Blood tests. Blood tests are used to confirm an infection and to try to identify the type of organism causing the infection. However, precise identification isn’t always possible.
Chest X-ray. A chest X-ray looks for inflammation in your lungs. This helps your doctor diagnose pneumonia and determine the extent and location of the infection. However, it can’t tell your doctor what kind of germ is causing the pneumonia.
Pulse oximetry. Pulse oximetry measures how much oxygen is in your blood. Pneumonia can prevent your lungs from moving enough oxygen into your bloodstream. To measure the levels, a small sensor called a pulse oximeter is attached to your finger or ear.
Sputum test. A sample of fluid from your lungs (sputum) is taken after a deep cough and analyzed to help pinpoint the cause of the infection and to find out what germ is causing your pneumonia.

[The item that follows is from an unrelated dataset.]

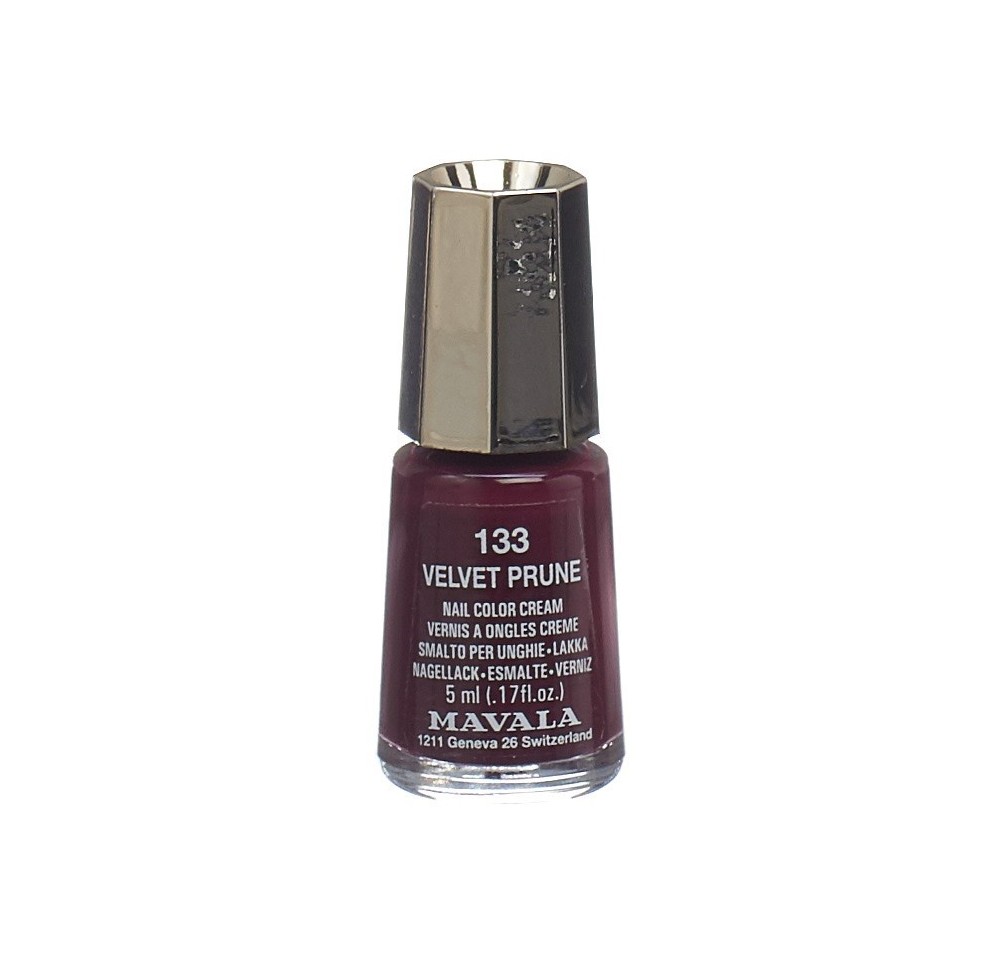 MAVALA vernis 133 velvet prune fl 5 ml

Your doctor might order additional tests if you’re older than age 65, are in the hospital, or have serious symptoms or health conditions. These may include:

CT scan. If your pneumonia isn’t clearing as quickly as expected, your doctor may recommend a chest CT scan to obtain a more detailed image of your lungs. Chest CT scan can also show whether you have complications such as lung abscesses or pleural disorders. A CT scan shows more detail than a chest X-ray.
Arterial blood gas test. A blood gas test may be done if you are very sick. For this test, your doctor measures your blood oxygen levels using a blood sample from an artery, usually in your wrist.
Blood culture. A blood culture is a test that checks samples of your blood for the presence of disease-causing germs like bacteria and fungi. During blood culture test, a blood sample is placed in a special container in a laboratory and watched to see if germs grow. Blood culture testing is frequently used to identify the germ causing your pneumonia and determine if germs have entered the bloodstream. A blood culture test identifies the specific germ causing an infection and enables further testing to determine what type of treatment may be most effective.
Polymerase chain reaction (PCR) test quickly checks your blood or sputum sample to find the DNA of germs that cause pneumonia.
Bronchoscopy looks inside your airways. If your treatment is not working well, this procedure may be needed. At the same time, your doctor may also collect samples of your lung tissue and fluid from your lungs to help find the cause of your pneumonia.
Pleural fluid culture. A fluid sample from the pleural space between your lungs and chest wall is taken by putting a needle between your ribs from the pleural area (thoracentesis) and analyzed to help determine the type of infection.

Pneumonia treatment

Treatment for pneumonia depends on the type of pneumonia you have, which germ is causing it, how severe your symptoms are, how healthy you are overall and your age.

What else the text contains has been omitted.